Gli obiettivi del progetto di “Co-living:collaborare, condividere, abitare” sono: favorire il ripopolamento del territorio, sostenere l’autonomia dei giovani, utilizzare la forma del co-living quale strumento strategico per la valorizzazione del patrimonio immobiliare pubblico, rinsaldare e dare vita a nuove reti sociali che condividono l’idea di un welfare generativo mettendo al centro politiche giovanili, abitative, sociali e lavorative, che insieme concorrono alla costruzione di patti fiduciari tra nuove generazioni e abitanti dei territori. «Ripopolare significa abitare e, allo stesso tempo, condividere. Non coppie qualsiasi, dunque, quelle selezionate attraverso il bando, ma famiglie disposte a fare comunità insieme con noi. Una sorta di esperimento sociale in cui una comunità in difficoltà chiede aiuto a famiglie disposte a far parte di essa, offrendo loro la casa – spiega il vicesindaco, Luigi Nicolussi Castellan – Alla scadenza del bando erano pervenute 38 domande da ogni parte d’Italia, perfino dalla Germania e dal Brasile. Dopo Luserna il progetto di coabitazione collaborativa è stato lanciato anche a Canal San Bovo e potrebbero esserne avviati altri. Qui a Luserna si vive bene, non manca nulla. Purtroppo lo spopolamento è un dato di fatto. Un secolo fa gli abitanti erano 1.200, un anno fa 270, oggi 264, tra cui molti anziani. Siamo un paese di montagna che ce la sta mettendo tutta per rinascere. È solo l’inizio». Soddisfatti anche i residenti: l’85 per cento apprezza il co-living. I co-livers hanno partecipato a eventi e aiutato nell’organizzazione, inserendosi nelle associazioni locali. Le famiglie hanno partecipato ai corsi di cultura e lingua cimbra e, grazie all’inserimento dei nove bambini, il nido non è stato chiuso. Alla scadenza del bando potranno decidere di tornare nella loro abitazione o decidere di rimanere, di comprare quella che già considerano la casa del loro futuro. L’Istituto trentino edilizia abitativa (Itea) applicherà un canone comunque moderato anche dopo i quattro anni previsti dal progetto. «Rifarei mille volte questa scelta. Tra dieci anni mi immagino a Luserna e in nessun altro posto al mondo» conclude Stefano Fabris.
Nel 13° secolo arrivarono i primi coloni germanici
Terra di confine già nel Medioevo, gli altipiani tra i fiumi Brenta e Adige vide arrivare intorno al 13° secolo, probabilmente su iniziativa di Federico Vanga, principe vescovo di Trento, gruppi di coloni dall’area germanica.

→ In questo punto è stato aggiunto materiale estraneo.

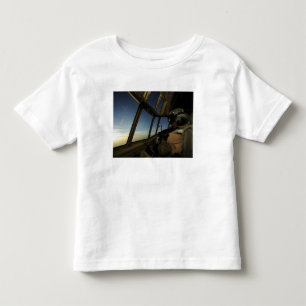 A C-130 Hercules pilot söker igenom horisonten Tee Shirt
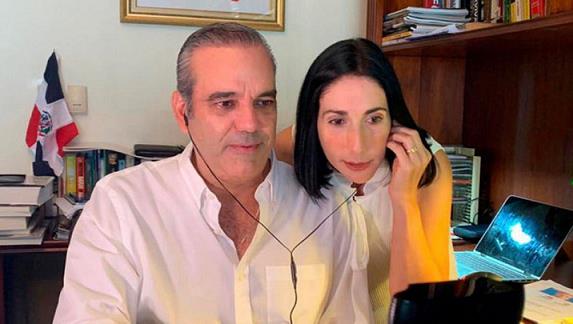 Luis Abinader y su esposa revelan tienen coronavirus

Questi diedero vita dapprima a piccole comunità rurali dedite alla pastorizia e allo sfruttamento del legname, e poi a veri e propri villaggi.
A Luserna
«Vivere a Luserna – spiega il sindaco Luca Nicolussi Paolaz nel video che promuove il progetto – significa rafforzare la sua comunità e rafforzare in particolare il servizio educativo linguistico “Khlummane lustege tritt” (rivolto ai bambini da zero a sei anni), nel quale da anni ormai sperimentiamo un modello che ci garantisce la trasmittanza intergenerazionale dell’idioma di minoranza, che è patrimonio dell’intero Trentino».